[volt-nuts] Basic question concerning voltage references

Poul-Henning Kamp phk at phk.freebsd.dk
Mon Feb 20 14:29:55 EST 2017


--------
In message <CAJgz9AYgQQjOmOK57yBiohF6Qh0DX6sEH-M_RxaBWQC54uDt7Q at mail.gmail.com>, Russ Ramirez writes:

>My question is this.

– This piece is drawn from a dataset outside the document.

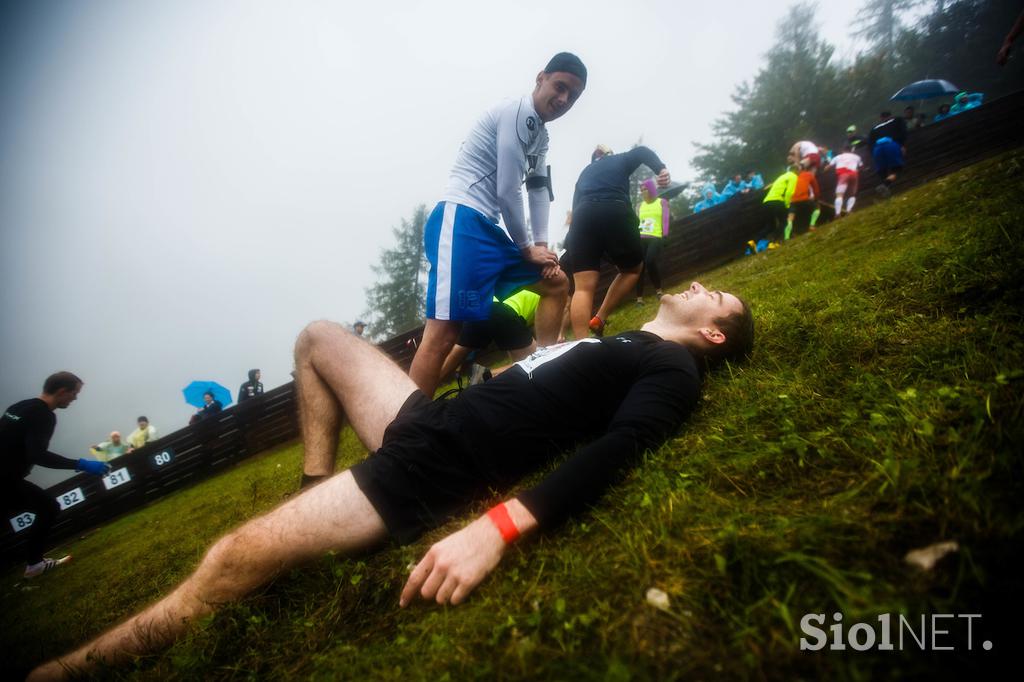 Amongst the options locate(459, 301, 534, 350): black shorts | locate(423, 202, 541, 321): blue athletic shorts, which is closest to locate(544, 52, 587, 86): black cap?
locate(423, 202, 541, 321): blue athletic shorts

If I measured a 10 volt reference known to be good to
>8 1/2 digits, but with the LSD being > 0, assuming a transfer standard with
>traceability and documented uncertainties etc, would a 6 1/2 digit
>voltmeter read 10.00000 volts, or round up to the limits of its AD
>converter resolution; say X uV over 10.00000 volts?

Somewhere in your instrument there is an A/D converter of some kind.

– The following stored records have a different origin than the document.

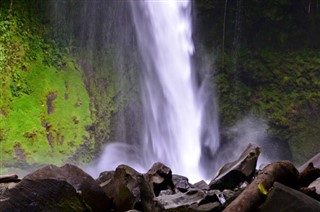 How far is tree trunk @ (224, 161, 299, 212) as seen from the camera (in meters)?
1.78

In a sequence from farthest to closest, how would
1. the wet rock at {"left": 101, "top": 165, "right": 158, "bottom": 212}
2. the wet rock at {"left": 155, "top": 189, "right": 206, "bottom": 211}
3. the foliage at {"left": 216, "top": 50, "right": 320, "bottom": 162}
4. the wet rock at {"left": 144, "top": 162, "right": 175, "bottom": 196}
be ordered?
the foliage at {"left": 216, "top": 50, "right": 320, "bottom": 162} < the wet rock at {"left": 144, "top": 162, "right": 175, "bottom": 196} < the wet rock at {"left": 101, "top": 165, "right": 158, "bottom": 212} < the wet rock at {"left": 155, "top": 189, "right": 206, "bottom": 211}

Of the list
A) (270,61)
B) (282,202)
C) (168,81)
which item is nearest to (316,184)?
(282,202)

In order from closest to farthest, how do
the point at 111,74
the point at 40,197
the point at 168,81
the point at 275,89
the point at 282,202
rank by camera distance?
the point at 282,202 < the point at 40,197 < the point at 111,74 < the point at 168,81 < the point at 275,89

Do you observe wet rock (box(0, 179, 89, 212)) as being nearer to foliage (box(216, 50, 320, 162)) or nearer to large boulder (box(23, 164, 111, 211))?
large boulder (box(23, 164, 111, 211))

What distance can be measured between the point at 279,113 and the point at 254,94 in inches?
51.6

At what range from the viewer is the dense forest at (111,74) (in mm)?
13164

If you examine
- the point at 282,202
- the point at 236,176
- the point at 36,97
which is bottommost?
the point at 282,202

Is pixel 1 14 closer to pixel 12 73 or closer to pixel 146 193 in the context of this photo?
pixel 12 73

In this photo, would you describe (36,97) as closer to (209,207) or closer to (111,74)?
(111,74)

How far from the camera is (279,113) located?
16688mm

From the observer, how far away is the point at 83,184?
216 centimetres

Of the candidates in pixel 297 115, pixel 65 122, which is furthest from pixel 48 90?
pixel 297 115

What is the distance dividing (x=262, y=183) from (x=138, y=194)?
0.78 m

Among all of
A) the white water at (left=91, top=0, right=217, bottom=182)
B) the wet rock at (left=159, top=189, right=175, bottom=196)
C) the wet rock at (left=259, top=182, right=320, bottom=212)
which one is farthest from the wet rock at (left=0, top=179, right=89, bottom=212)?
the white water at (left=91, top=0, right=217, bottom=182)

Even if it is perfect, you can never know if the last bit from the A/D
represents a voltage which is slightly higher or slightly lower than
the number it reads.

This is why specifications for digital instruments always includes "± 1 digit"

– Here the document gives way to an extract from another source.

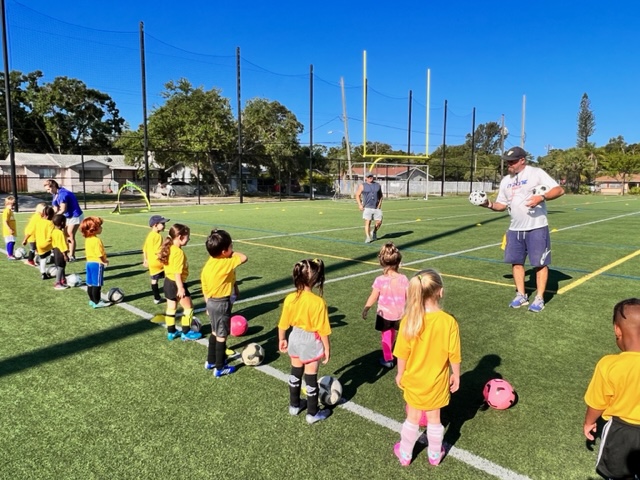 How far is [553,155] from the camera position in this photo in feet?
234

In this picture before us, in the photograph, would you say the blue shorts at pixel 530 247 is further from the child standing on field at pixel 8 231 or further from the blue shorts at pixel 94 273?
the child standing on field at pixel 8 231

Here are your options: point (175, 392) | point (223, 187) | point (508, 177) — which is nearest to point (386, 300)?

In theory, if you have *truly* perfect electronics, it could be "± 0.5 digit",
because in that case you might as well use the same ±1 as everybody else
and double the size of the range.

The A/D in a 6½ digit instrument by definition must have at least
22 bits (2^21 = 2097152 + sign bit) and if we scale things so the
least significant bit is 5 microvolts, we have a full scale voltage
of 2^21 * 5e-6V = 10.48576V.

QED:  Uncertainty on your 6½ digit meter on a 10V signal will always
be at least ± 5 microvolts.

If you do the same math for a true 8½ digit DVM, you need a 29 bit
A/D converter (2^28 = 268435456 + sign) which means you can use 40
nV as stepsize yielding 10.73V range, and thus in teory get ± 40nV
measurements.

-- 
Poul-Henning Kamp       | UNIX since Zilog Zeus 3.20
phk at FreeBSD.ORG         | TCP/IP since RFC 956
FreeBSD committer       | BSD since 4.3-tahoe    
Never attribute to malice what can adequately be explained by incompetence.